Community members kick off twice-weekly ‘safety walking group’ around U of M campus
A new safety initiative kicks off Thursday night near the University of Minnesota, with a few weeks to go until the start of the new school year.
A ‘Safety Walking Group’ will bring community members together twice weekly to walk the streets after dark.
“We believe public safety is everyone’s responsibility,” said Aileen Johnson, a University of Minnesota alumna who is leading this new effort. “We believe we will have an impact.”
Over the past year, Johnson has started similar grassroots walking groups in nine other Minneapolis neighborhoods and has seen positive results.
Each group consists of six to 30 people who spend several hours walking together, picking up trash, talking to those in need, and being a positive presence on the streets.
She said the idea to do something similar in Dinkytown came after a community safety meeting earlier this year.
5 EYEWITNESS News has extensively covered crime concerns in Dinkytown this summer, with the Minneapolis Police Department reporting issues with large groups of disorderly teenagers setting off fireworks and assaulting people.
Crime logs from the University of Minnesota Police Department over the last month also show reports ranging from auto theft to robbery.
“We are not violence interrupters, so when we come upon criminal activity, we call that into 911, but we are a positive presence,” Johnson explained. “We look forward to being in neighborhoods and in places where there have been bad things going on in order to see what we can do and how we can influence it differently. We expect to be able to help calm them down further and that it can be a really good start to the school year for everyone.”
Danny Reyes moved to Dinkytown a few months ago and said he’s had several unnerving experiences, including his car getting broken into and a friend getting beat up by a group of people.

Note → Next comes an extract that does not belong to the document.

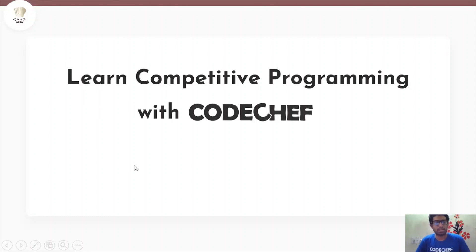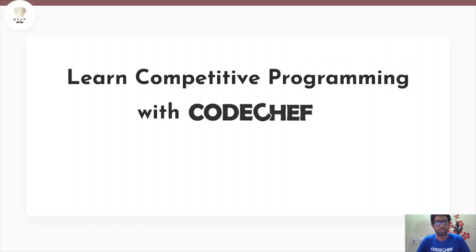Hey guys, that was it. Thank you so much for watching this video. If you haven't yet, this is a general reminder to hit that subscribe button. If you're interested in competitive programming and data structures, this channel is a one-stop solution for you. See you in the next video. Bye.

“It’s just gotten worse. It’s pretty bad,” Reyes said. “It’s like a zombieland out here. It gets bad at night.”
He is hopeful the new walking groups will make a difference.
“Nothing’s going to change unless you try, so it’s worth trying, see the results and work from there,” Reyes said. “One step is a step, and it’s better than taking none.”
The new initiative comes amid a growing push from parents, students, and community members to boost safety near campus.
They formed the nonprofit Campus Safety Coalition last July and have grown to include thousands of members.
SEE ALSO: Coalition of parents, Dinkytown businesses push for answers from U of M leaders on public safety | Dinkytown businesses: Consistent rowdy teenage crowds force early closures, hiring private security
The group compiled Minneapolis Police Department data for the neighborhoods surrounding the University of Minnesota and noted, for each month of 2023, crime reports appear to show a year-over-year decrease from 2022.
Hennepin County Commissioner Jeff Lunde is also hopeful that crime in Dinkytown will stay on a downward trajectory.
“I have a vested interest in this being a safe environment. My two sons are U of M students,” Lunde said.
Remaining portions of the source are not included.